GEÇTİĞİMİZ ay yayımlanan Kalkınma Planı'nda sanayi üretiminin artırılmasına özel önem verdiği görülüyor.
Bu konudaki önceliklerin hayata geçirilmesi için önümüzdeki dönemde yeni bir eylem planı da uygulamaya konulacak.
Dış ve iç siyasi gelişmelerin gündemi belirlediği, küresel ekonomik gidişata bağlı olarak piyasaların dalgalı seyrinin devam edeceğinin anlaşıldığı bir ortamda, bu tür makro konular ister istemez gündemde yer alamıyor.
Kalkınma Planı'nda da vurgulanan bu önceliğin hayata geçirilmesine ekonomi bürokratlarının özel önem verdiği gözüküyor. Ancak, böylesine yoğun siyasi gündem ve gerginlik ortamında, üstüne üstlük uzun bir seçim sürecine girilirken bu konular gündeme gelip de tartışılabilecek mi, bunu bekleyip göreceğiz.
Ekonomi yönetimi, bundan sonraki dönemdeki temel önceliği 'rekabet gücü yüksek sanayide üretimi artırmak' olarak belirlendiğini söylüyor. Bu önceliğin, Kalkınma Planına da yansıdığının altı çizilirken, Planda yer alan, 'Yatırımların konut gibi üretken olmayan alanlardan ziyade üretken alanlara yönlendirilmesi büyümenin istikrarı açısından kritik önemde' uyarısına dikkat çekiliyor.
Bu uyarının, sanayicilere 'Artık konut değil, sanayi üretimi yapın' çağrısı olarak algılanması gerektiğini kaydeden bürokratlar, ekonomi yönetimi olarak sanayi üretimini artırmak için bir eylem planı da uygulayacaklarını söylüyorlar.

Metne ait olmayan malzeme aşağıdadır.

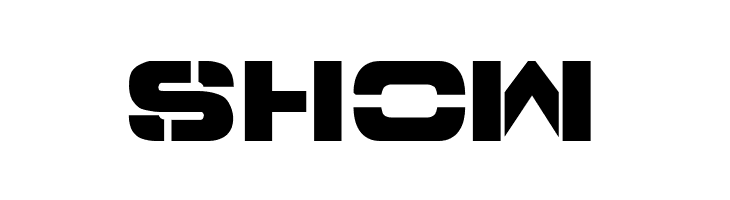 7th Service ExtraBold  Free Fonts Download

Alınan bilgilere göre ‘üretken olmayan yatırımlar' ın cazibesi azaltılacak, bunun için kredi türlerinde farklılaştırma yapılacak ve stratejik yatırımlarda kamunun altyapı yatırımları bir destek unsuru olarak kullanılacak.

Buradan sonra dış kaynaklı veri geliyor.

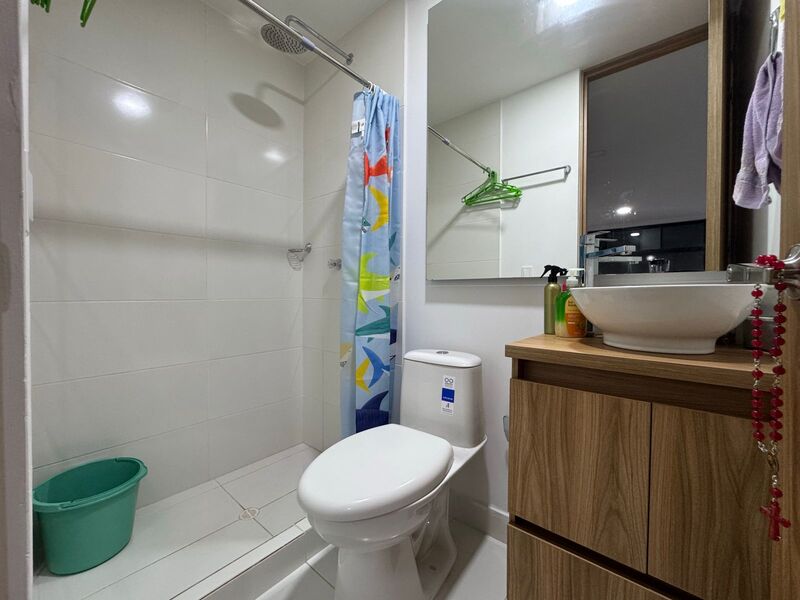 Apartamento en venta en Monteazul, Sabaneta · foto 7 de 9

Sanayi üretiminin artırılmasını birinci öncelik olarak gören ekonomi yönetimi, bu konuda hazırladığı eylem planına dönük ipuçlarına da kalkınma planında yer vermiş. Plana göre, 2019 yılı itibariyle özel kesim sabit sermaye yatırımlarının gayri safi yurtiçi hasılanın yüzde 20'si düzeyine yaklaşarak, yüzde 19.3 olması öngörülüyor. Ayrıca yıllık ortalama yüzde 2 oranında da uluslararası doğrudan yatırım miktarı öngörülüyor.

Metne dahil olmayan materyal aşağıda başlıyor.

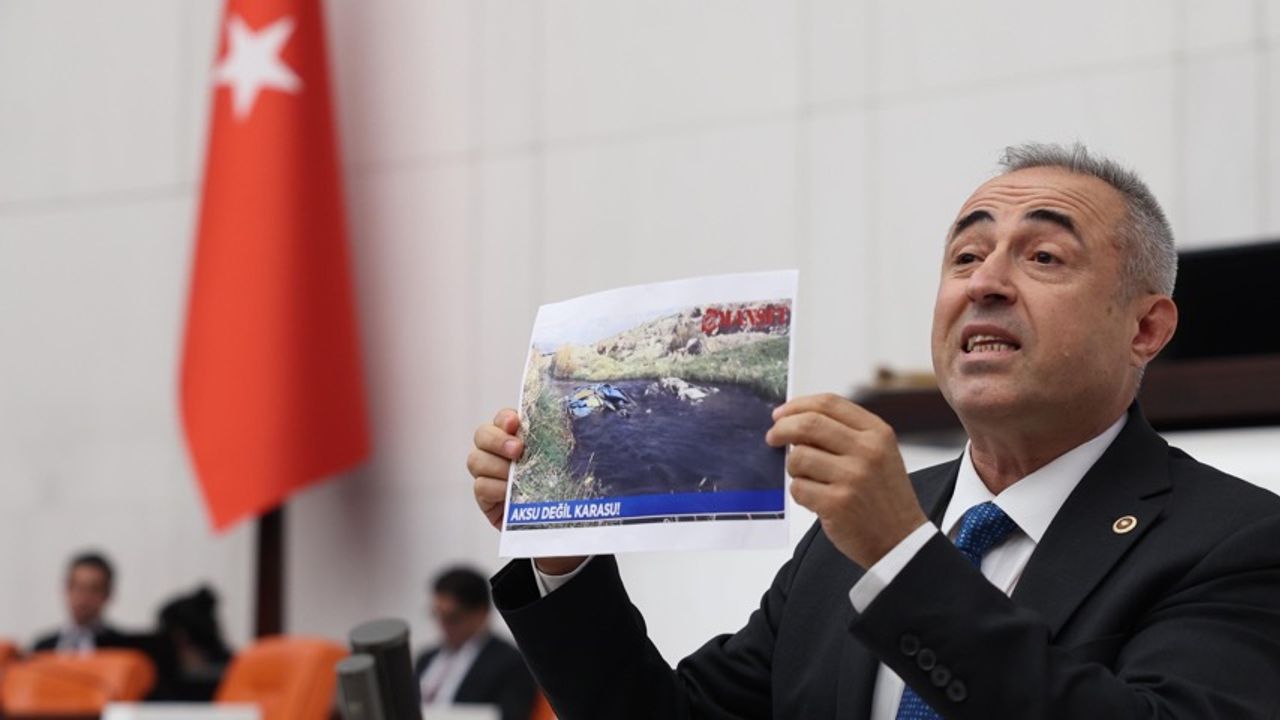 Kahramanmaraş’ta doğa değil rant korunuyor! Karatutlu Meclis’te isyan etti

YABANCI SERMAYEYE YENİ YATIRIM MESAJI
Bundan sonraki dönemde ekonomi yönetimi içeride 'Konut değil sanayi üretimi yapın'mesajı verirken, yabancı sermayeye de 'Mülkiyet değişimi değil, yeni yatırım veya ek üretim kapasitesi oluşturacak alanlara yönelin' çağrısında bulunacak. Türkiye'nin artık'düşük cari açık, yüksek büyüme' hedeflediğini hatırlatan bürokratlar, kaynakların sanayiden, rekabet baskısının sınırlı olduğu ve dış ticarete konu olmayan sektörlere yönelmesinin büyümeyi olumsuz etkileyebileceğine dikkat çekiyorlar.
Bu kapsamda atılacak adımların da belli olmaya başladığını kaydeden bürokratlar, vergi ve kredi maliyetlerinin bu amaca göre yeniden gözden geçirilmesini düşünüyorlar. Vergi ve kredi maliyetlerinde yatırım türüne göre farklılaştırma yapılacağı, bu çerçevede üretken olmayan yatırımların cazibesinin azaltılacağı belirtiliyor. İhracat içinde orta-yüksek ve yüksek teknolojili imalat sanayi ürünlerinin payının yükseltilmesi, kredi artış hızını kontrol altında tutmaya yönelik alınan kararların yatırım ve istihdam üzerindeki olumsuz etkilerini önlemek amacıyla ihtiyaca göre kredi türlerinde farklılaştırmaya gidileceği kaydediliyor. Ayrıca yatırımlara uzun vadeli finansman sağlayan kalkınma bankacılığının da geliştirileceği belirtiliyor.
Umarım; bürokratların istediği gibi bir eylem planı uygulamaya konabilir.